[Saved entries]
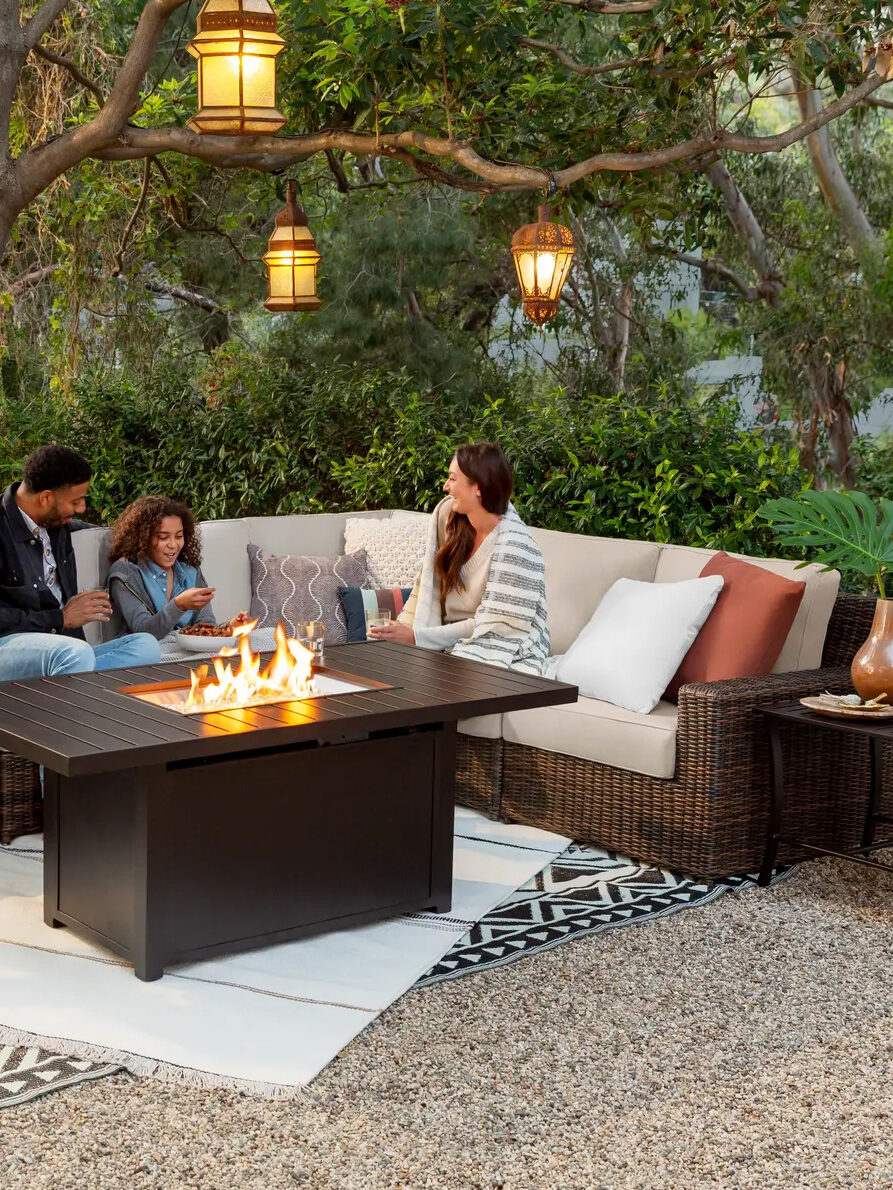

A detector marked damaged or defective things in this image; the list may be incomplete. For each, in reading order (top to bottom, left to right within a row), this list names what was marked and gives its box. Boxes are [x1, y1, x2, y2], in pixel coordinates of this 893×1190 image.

rust throw pillow [664, 556, 804, 704]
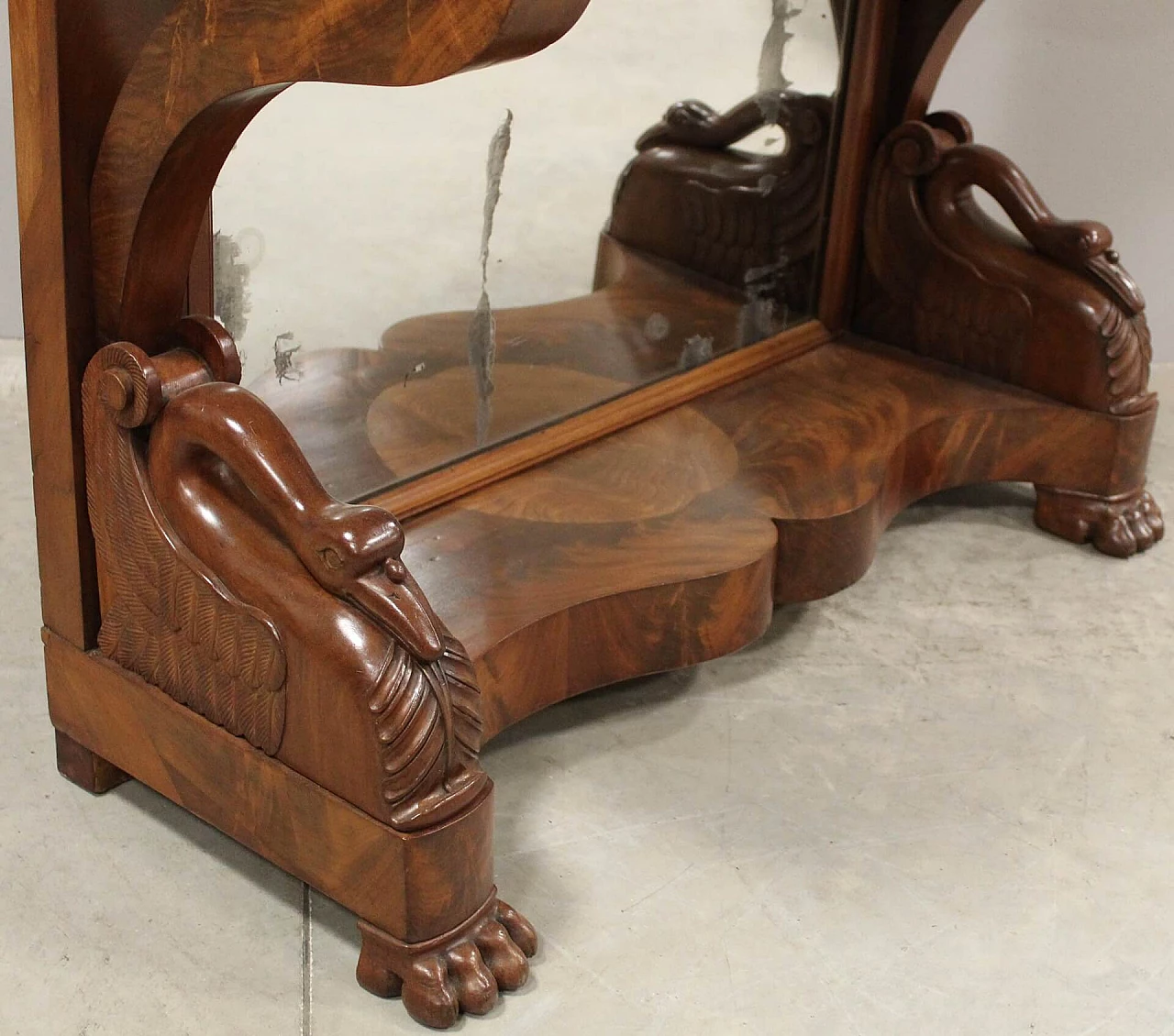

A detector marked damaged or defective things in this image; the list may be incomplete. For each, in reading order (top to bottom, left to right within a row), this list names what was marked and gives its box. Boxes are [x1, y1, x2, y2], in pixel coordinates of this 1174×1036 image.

damaged mirror silvering [213, 0, 854, 501]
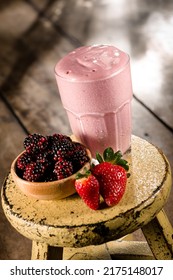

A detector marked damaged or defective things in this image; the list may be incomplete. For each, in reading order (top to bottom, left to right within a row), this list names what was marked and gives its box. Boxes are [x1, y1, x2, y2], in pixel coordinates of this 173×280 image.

chipped yellow paint [0, 136, 172, 260]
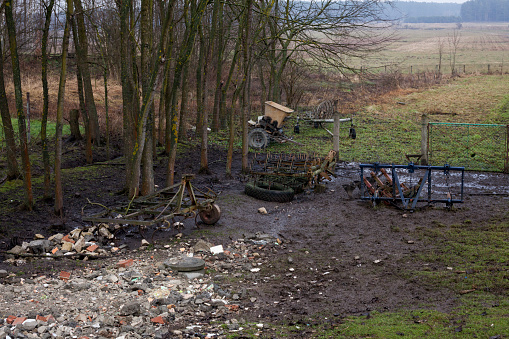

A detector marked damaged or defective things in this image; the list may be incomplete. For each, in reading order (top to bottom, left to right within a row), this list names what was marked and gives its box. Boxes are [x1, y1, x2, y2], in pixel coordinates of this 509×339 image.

> Work to be completed
Each line of the data should be quoted exactly, with pictures left out.

> Output of the exercise
A detector marked damaged or defective things in this image; the list may be incomplete. For each, in reading order (top to bottom, left to right within a row), this list names what was marked and gives its box. Boxes are [x1, y1, x2, y2], in pixel coordinates of this 893×1190 image.

rust throw pillow [664, 556, 804, 704]

A detector marked damaged or defective things in this image; the list may be incomplete. For each, in reading order (top to bottom, left to right within a row), this list names what was marked and gives its box. Boxes are [x1, y1, x2, y2], in pixel coordinates of this 1174×1036 image.

damaged mirror silvering [213, 0, 854, 501]

A detector marked damaged or defective things in this image; the list may be incomplete. For each, in reading order (top to bottom, left to right within a row), this list names what was marked and gives its box. Boxes are [x1, y1, x2, y2], in pixel coordinates of this 173×280 image.

chipped yellow paint [0, 136, 172, 260]

A detector marked damaged or defective things in this image; the list may be incomplete. For each, in reading order (top to bottom, left to right within a row), this list names what was marked and gives its box. Boxes are [x1, y1, x2, y2], in pixel coordinates of this 509×339 image.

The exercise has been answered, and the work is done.